> [TASK REQUIREMENTS]:
Please give back, word for word, only the lines starting at the one containing "brown Persian cat, Ben" and ending at the one containing "Spiral Shell by dakotakid35" within the material below.

> [INFORMATION PROVIDED]:
★ ★ ★
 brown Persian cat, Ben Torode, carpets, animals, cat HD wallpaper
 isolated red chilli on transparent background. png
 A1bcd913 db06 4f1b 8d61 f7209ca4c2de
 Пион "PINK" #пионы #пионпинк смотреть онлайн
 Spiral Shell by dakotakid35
★ ★ ★
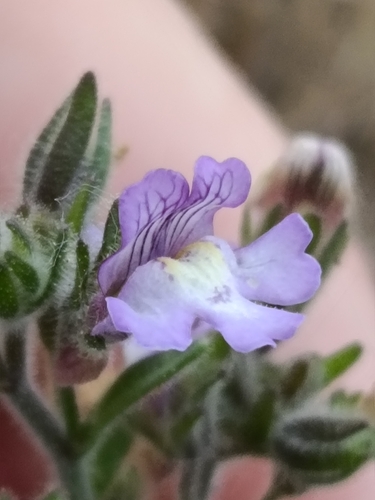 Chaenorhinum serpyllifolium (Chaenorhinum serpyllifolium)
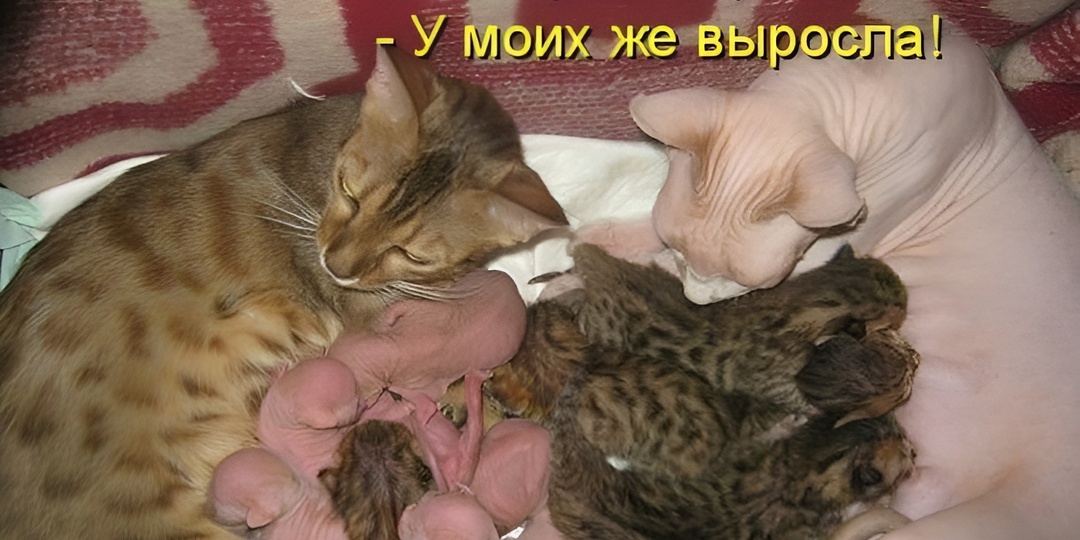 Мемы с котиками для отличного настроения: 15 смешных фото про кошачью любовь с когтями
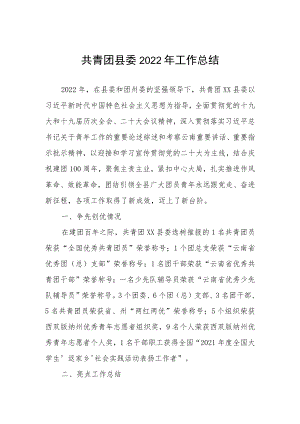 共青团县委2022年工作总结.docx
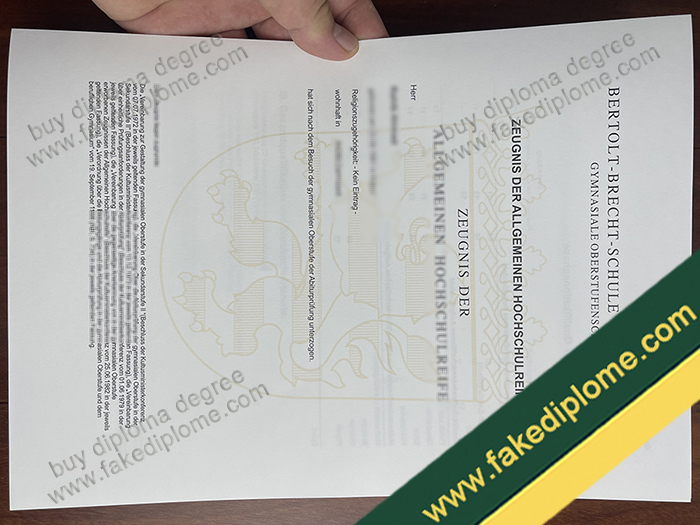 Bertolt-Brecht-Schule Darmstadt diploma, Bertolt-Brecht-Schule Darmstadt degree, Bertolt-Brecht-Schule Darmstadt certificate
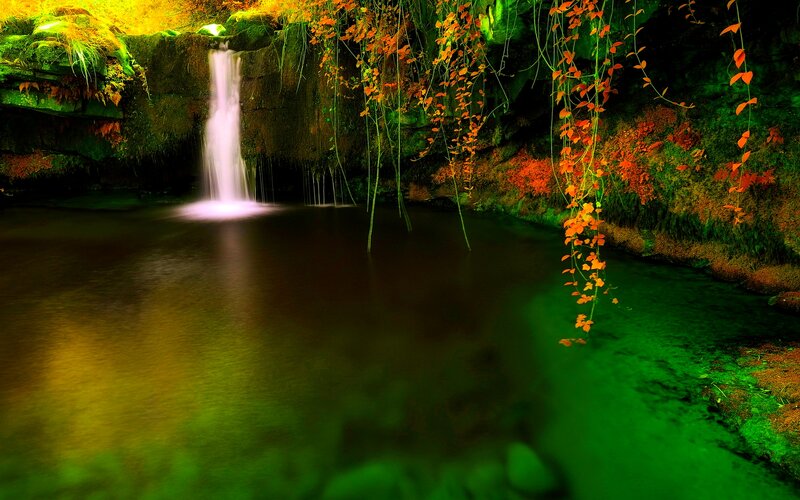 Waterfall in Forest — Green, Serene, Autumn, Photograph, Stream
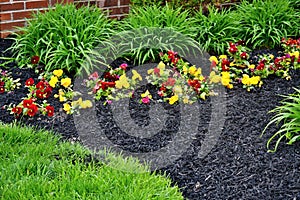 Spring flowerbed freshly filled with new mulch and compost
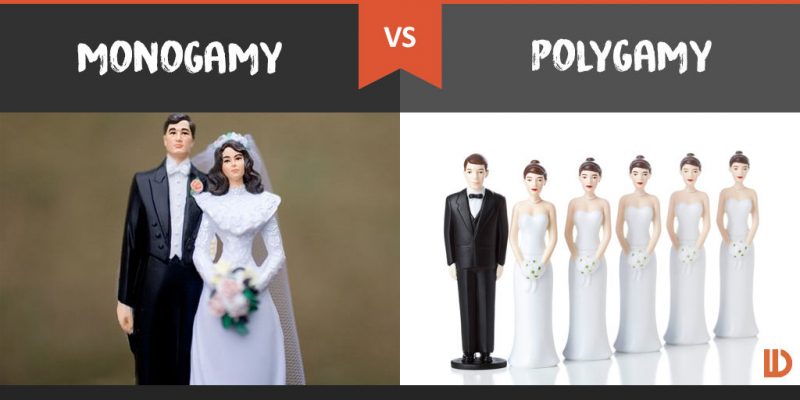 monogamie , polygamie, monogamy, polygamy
★ ★ ★
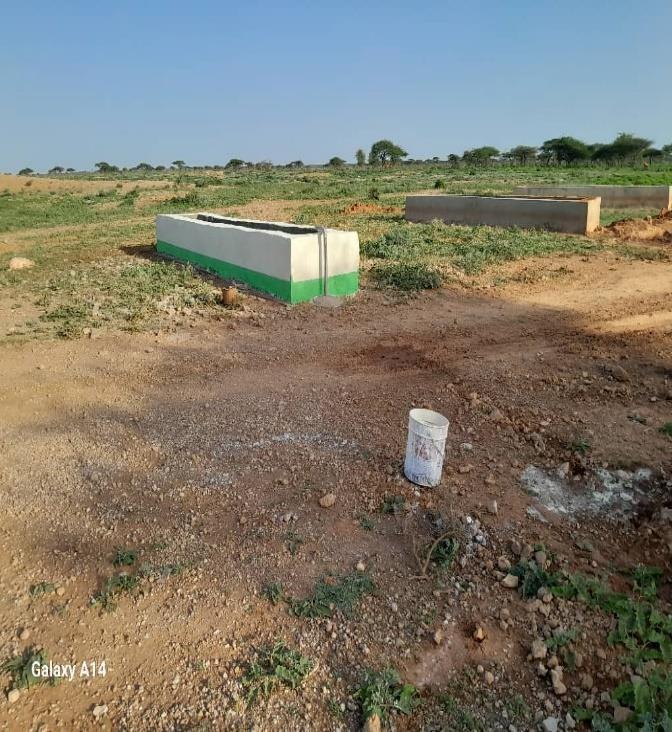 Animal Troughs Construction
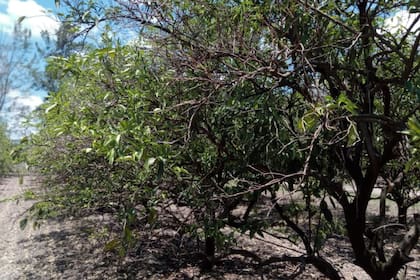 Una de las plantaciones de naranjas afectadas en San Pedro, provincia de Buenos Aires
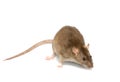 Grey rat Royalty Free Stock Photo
★ ★ ★
> [EXERCISE OUTPUT]:
 brown Persian cat, Ben Torode, carpets, animals, cat HD wallpaper
 isolated red chilli on transparent background. png
 A1bcd913 db06 4f1b 8d61 f7209ca4c2de
 Пион "PINK" #пионы #пионпинк смотреть онлайн
 Spiral Shell by dakotakid35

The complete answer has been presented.